At CFEngine, we are not afraid of automation. Indeed, our mission is about rehumanizing IT, by judicious use of automation. As Alvin Toffler pointed out in the 1960s, replacing humans with technology is not dehumanizing, what is dehumanizing is asking humans to work like machines in the first place! In mission critical systems, automation is the only way to keep IT operations running 24/7/365, and there are some key technology strategies for doing this:

  • Define a clear model of the Mission.
  • Avoid relying on anything we do not control.
  • No ‘single points of failure’ (employ redundancy).
  • Be as swift and agile as possible when implementing change.
  • Provide trustworthy insight about the state of the system.
  • Avoid interacting with any part of the system unless it deviates from the mission.

We work continuously with key industry leaders to make CFEngine ever faster, lighter and more reliable in the face of complex and unpredictable infrastructure. You don’t have to work in outer space to expereince risk. Just having a complex organization with challenging communications can be reason enough for a serious system failure.

Recently we have added a solution for high availability insight into the CFEngine Nova 2.1 product, through our Mission Portal or CFDB; now humans can play their proper role in early warning of rising issues. By making a fully redundant architecture for information updating, we can make reliable promises about availability of status information. This might be the lightest redundant solution to system monitoring available to users today, with even greater performance improvements added recently. Users get reliable and predictable insight, with fault recovery times of only a few minutes in case of failure – something that cannot easily be matched by competing software.

A final point is that CFEngine gives engineers real insight into the accuracy of measurements it presents. Most monitoring systems do not tell you how fresh the information you are seeing is, so humans can use their skills in forming technical judgements. Engineers have no use for pretty graphs that satisfy only their emotional needs.

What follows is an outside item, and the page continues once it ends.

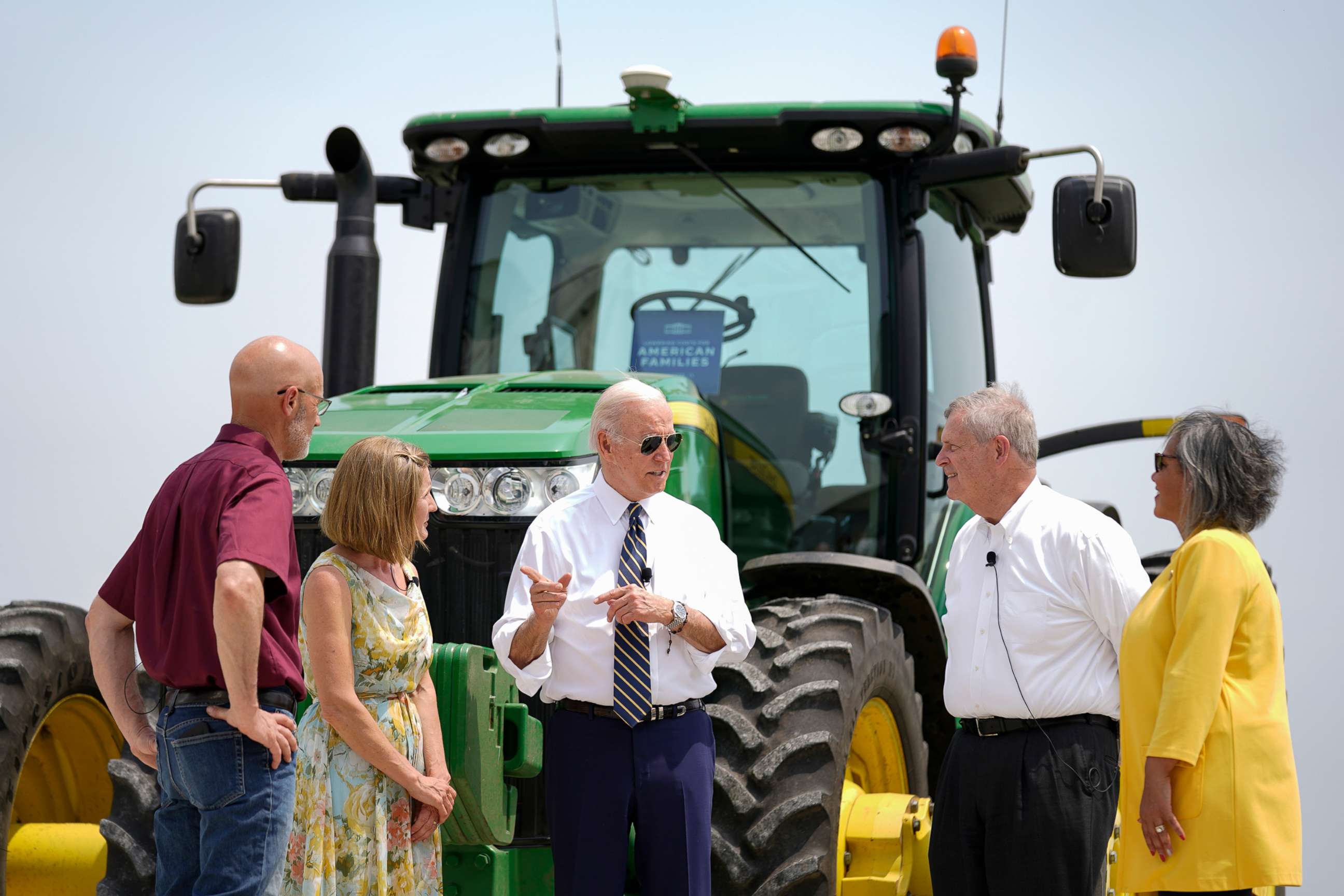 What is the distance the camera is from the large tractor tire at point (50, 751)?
15.7ft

What is satisfying is that sound engineering principles have led to a solution with both low overhead and a relatively low price-tag. Today, the cost of creating mission critical infrastructure does not lie with the IT management technology – you will spend far more on the human management regulation.

Critical Cloud

For some, Cloud Computing is the answer to scaling – rent your computing power virtually on the web and recycle it without ever needing to own, just like car rental. The Cloud offers rapid response to demand, and such `elastic’ resources are certainly an important part of responding to peak demand, but merely deploying virtual machines quickly is not enough. To accomplish mission critical stability and keep risk at a minimum, you have to plan for the unexpected, and you cannot escape the need for prevention and repair with a short turnaround.

hubs

Now with the release of CFEngine Nova 2.1 (September 2011) and its integrated solution for high availability management, users have software that is robust to network outages and integrates high quality insight for both system experts and higher level management, with failover redundancy and mission compliance monitoring. We believe that Nova 2.1 might well be the most robust cross-platform management technology, with the fastest response time and smallest impact that you can find in the industry today.

This will not be the last time we improve CFEngine’s robustness under pressure, even though we lead the Open Source technology race significantly in this area. Our continued R&D shows that we are committed to our own critical mission: of making the impossible possible.